E che per te si compia e che per me si faccia
e che per noi l’anta si apra, s’allarghi e non s’infanghi
la parola che crea o che distrugge. Ferisce
l’imputazione, l’amputazione d’arti e fatti
colore e pentimento, soffocano
in un cassetto bugie e menzogne, i fili di polvere, i pani attorcigliati
corone e spine, groppi e zoppi, inverecondi irati; e per te che nascesti
in un giorno d’estate chiaro ti sia sempre chiara la ragione
il lume accesso, splenda e risplenda la verità lucente
ti sia un bucato al sole steso, sui prati di trifoglio e camomilla
ti siano le ortiche care e le gramigne, le serpi amiche
t’allattino le lupe al seno, ti bacino i fiumi e le correnti
ti donino le salvie inflorescenze
a mazzi, a fasci le spighe piene
così per te si faccia, così per te si compia
così per te per sempre la rinascita


Questi versi, intensi e icastici come è nella cifra dell'autrice, offrono sillabe perforanti e immagini che ossimoricamente uniscono una visionarietà metaforica sontuosa e originale (ma non esibita) a un lessico sobrio dal ritmo asciutto e dagli echi tragici: "… un rivolo che non ha trovato / la discesa giusta per andare lì dove vanno tutti i fiumi / a morire". Una poesia da assoporare e meditare.
Antonella Pizzo (Palazzolo Acreide, 1954) vive a Ragusa. Scrive dal 2002. Ha ricevuto numerosi riconoscimenti in concorsi letterari. Ha pubblicato il romanzo Di rosso smunto (Prospettiva Editrice, 2004) e sillogi sia in vernacolo che in lingua.
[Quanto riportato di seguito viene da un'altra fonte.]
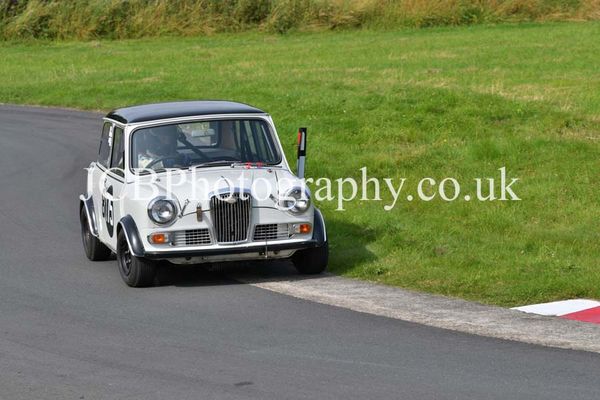 Wolsley Hornet driven by Adam Forster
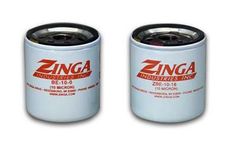 Zinga - Model BE ZBE Series - Spin-on Filter Elements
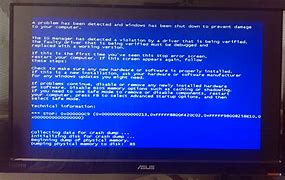 Image result for BSOD C7 Win 7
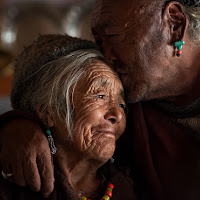 Tibet, amore a 4000 metri di 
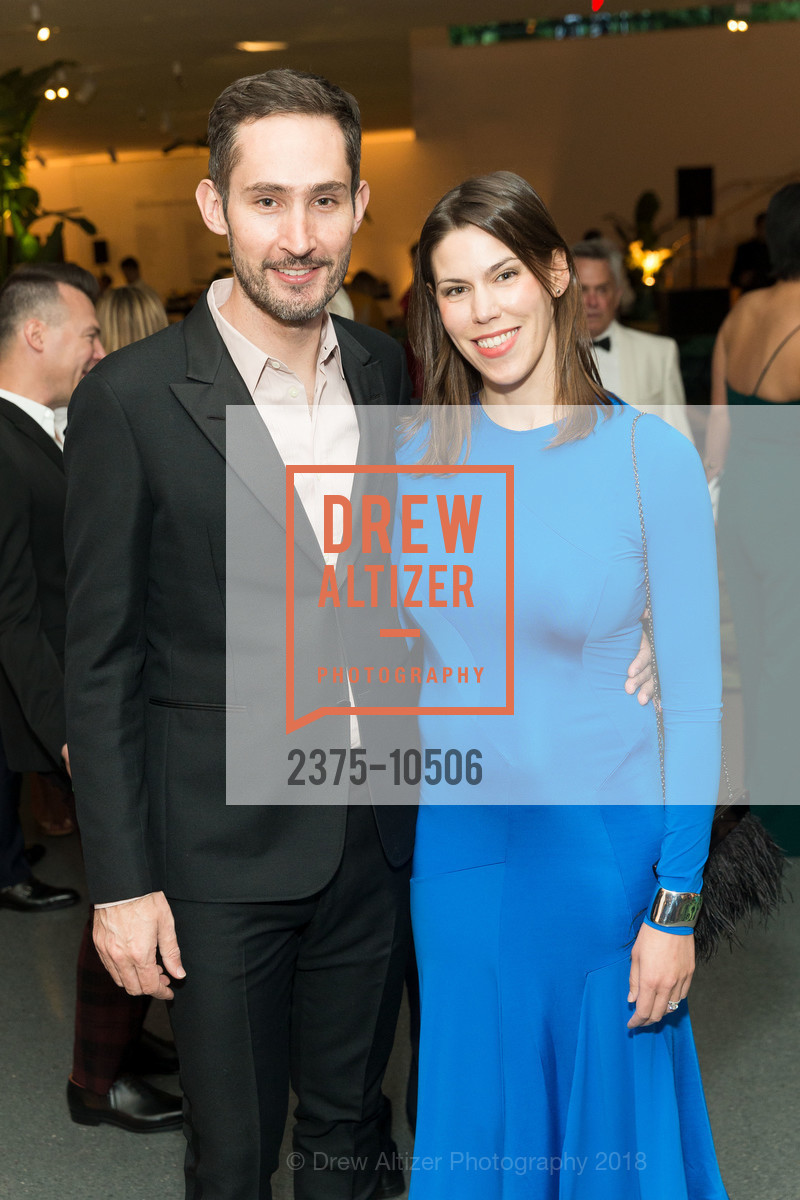 Kevin Systrom, Nicole Systrom, Photo #2375-10506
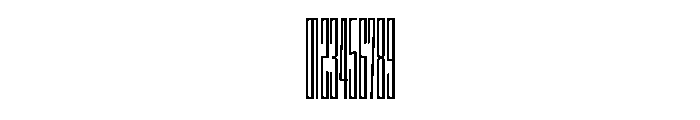 StatenSans XXXCompressedBook Instance Font OTHER CHARS
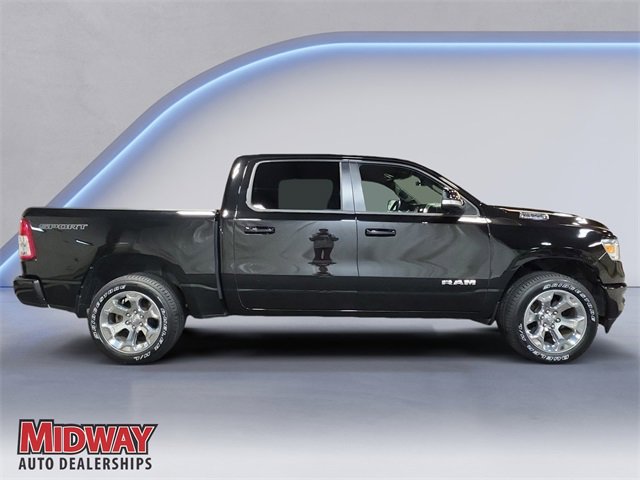Used 2022 RAM 1500 Big Horn image 6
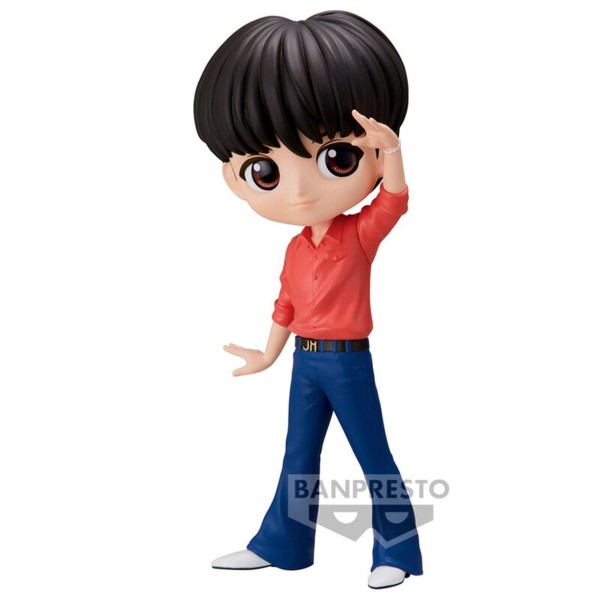 Figura banpresto q posket bts tiny dynamite j - hope ver. a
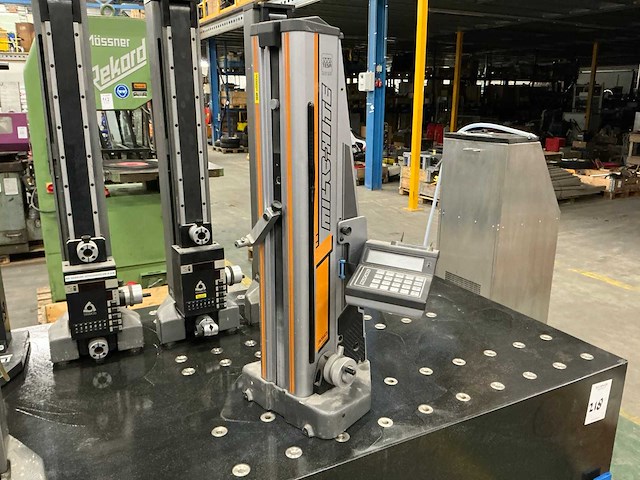 Tesa micro-hite 350 hoogtemeter - afbeelding 1 van  11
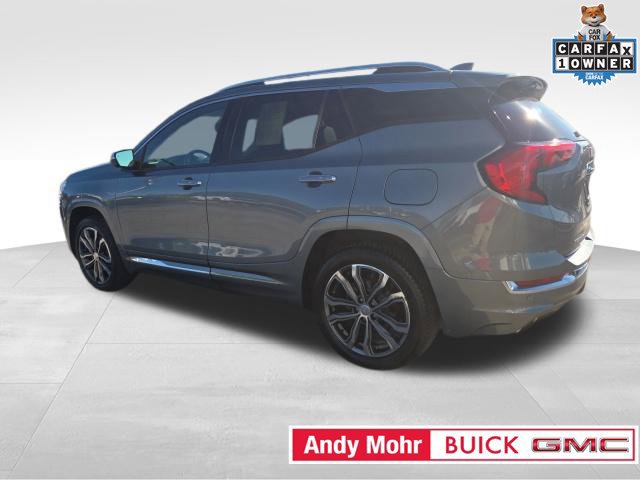 Used 2019 GMC Terrain Denali w/ Advanced Safety Package AWD/4WD image 19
Nel 2005 è uscita per Lietocolle la raccolta A forza fui precipizio. Nel 2006 ha pubblicato con Fara Catasto ed altra specie ed è stata giurato del concorso Pubblica con noi. Sue poesie sono state pubblicate in riviste e rubriche on-line (tra cui Liberinversi, La costruzione del verso, Poiein e diverse altre altre) e in alcune antologie (tra cui Verso i bit: poesia e computer, Lietocolle, 2005 e Lo stormo bianco - Edizioni d’if, 2005). Gestisce il sito Poetienon, è tra i fondatori de L'Attenzione e fra i collaboratori de La poesia e lo spirito.

5 commenti:

Luca Ariano ha detto...

Ho avuto ultimamente molte occasioni di commentare le poesia di Antonella. La mia impressione non muta, anzi si rafforza! Trovo molto intense le immagini che usa il suo stile colpisce sempre forte. Il paragone è azzardato, infatti non lo faccio, però una certa "icasticità" (come scrive Alessandro Ramberti)Mi riporta alla poesia di Lucio Piccolo. Stili completamenti opposti ovviamente!
Un caro saluto

Hobby e arte ha detto...

Mica uno da niente Lucio Piccolo! Fallo il paragone, dài, che male c'è? D'altra parte era siciliano come me :-) ciao luca e grazie. un ringraziamento speciale va ad Alessandro per aver ospitato nel suo blog le mie poesie. buona serata antonella

fabrizio centofanti ha detto...

la poesia di Antonella Pizzo è linguaggio. sembra scontato, ma qui bisogna sottolinearlo con matita rossa e blu. è dal linguaggio che si sviluppano suoni e immagini che s'incrociano con la vita, i suoi drammi e le sue piccole gioie. se non ci fosse la corrispondenza tra suoni, il gioco dei rimandi fonici, delle assonanze delle allitterazioni, questa poesia non esisterebbe, forse non esisterebbe neanche questa vita: perché la poesia cambia la vita, ne fa una cosa leggermente o totalmente diversa. forse la vita della Pizzo, senza la poesia, sarebbe stata tutta un'altra cosa. forse, azzardo, non avrebbe retto all'urto. la poesia salva, ha detto qualcuno. secondo me, poche volte è stato vero come in questo caso.

Hobby e arte ha detto...

riguardo gli urti, anzi l'urto, hai ragione. è come dici, a volte la poesia salva. ciao e grazie antonella

Alessandro Ramberti ha detto...

La (vera) poesia è necessaria, e in questo senso può anche essere un'ancora di salvezza (per l'autore e/o per il lettore).